2 Some basic commands

min(fish$length)
#> [1] 7
max(fish$length)
#> [1] 148
range(fish$length)
#> [1]   7 148
median(fish$length)
#> [1] 59
quantile(fish$length)
#>   0%  25%  50%  75% 100% 
#>    7   43   59   73  148
mean(fish$length)
#> [1] 58.292
summary(fish$length)
#>    Min. 1st Qu.  Median    Mean 3rd Qu.    Max. 
#>    7.00   43.00   59.00   58.29   73.00  148.00
sd(fish$length)
#> [1] 21.73653
var(fish$length)
#> [1] 472.4766

3 Some ggplot drills

Because the fish data set is rather large, we will here work with only a subset of the data, lets take e.g. only data from year 2015 (the function filter will be covered in more details later in this document):

d <- fish %>% filter(year == 2015)
dim(d)
#> [1] 5734   17

3.1 Basics

3.1.1 Scatterplot

## create a empty plot
p <- ggplot()
## add layer to the plot
p + layer(data=d, mapping=aes(x=length, y=ungutted.weight),
          geom = 'point', stat='identity', position = 'identity')
#> Warning: Removed 12 rows containing missing values (geom_point).

The full specification of a layer is rather cumbersome to write out as each component of a layer needs to specified. It is therefor more common to use a shorthand for common types of plots. Equivalent plot to the above can be obtained using the following code:

p + geom_point(data = d, aes(length, ungutted.weight))

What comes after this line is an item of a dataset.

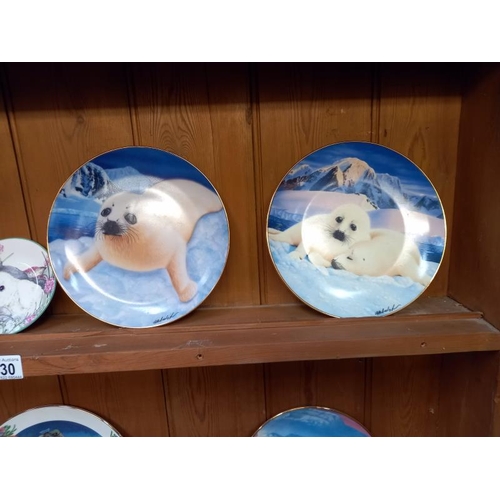 530 - A collection of seal related items including 6 x Franklin mint limited edition porcelain plates, tit...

There are numerous ways to achieved the same results as above:

ggplot() + geom_point(data = d, aes(x = length, y = ungutted.weight))
ggplot(data = d) + geom_point(aes(x = length, y = ungutted.weight))
ggplot(d) + geom_point(aes(length, ungutted.weight))

p <- ggplot(d)
p + geom_point(aes(length, ungutted.weight))

Some basic controls:

p <- ggplot(d, aes(length, ungutted.weight))
p1 <- p + geom_point(colour = "red",
                     size = 2,
                     alpha = 0.1)
p1

Adding labels:

p2 <- p1 +  labs(x = "Length [cm]",
           y = "Weight [g]",
           title = "Length weight relationship")
p2
#> Warning: Removed 12 rows containing missing values (geom_point).

Add a smoother:

p2 + stat_smooth(aes(length, ungutted.weight), lwd = 1)
#> geom_smooth: method="auto" and size of largest group is >=1000, so using gam with formula: y ~ s(x, bs = "cs"). Use 'method = x' to change the smoothing method.
#> Warning: Removed 12 rows containing missing values (stat_smooth).
#> Warning: Removed 12 rows containing missing values (geom_point).

3.1.2 Histograms

p <- ggplot(d, aes(length))
p1 <- p + geom_histogram(binwidth = 1)
p1

p1 + geom_histogram(aes(fill = factor(age)), binwidth = 1)

Plotting as facet:

p1 + geom_histogram(binwidth = 1) + facet_grid(age ~ .)

p1 + geom_histogram(binwidth = 1) + facet_grid(age ~ ., scale="free_y")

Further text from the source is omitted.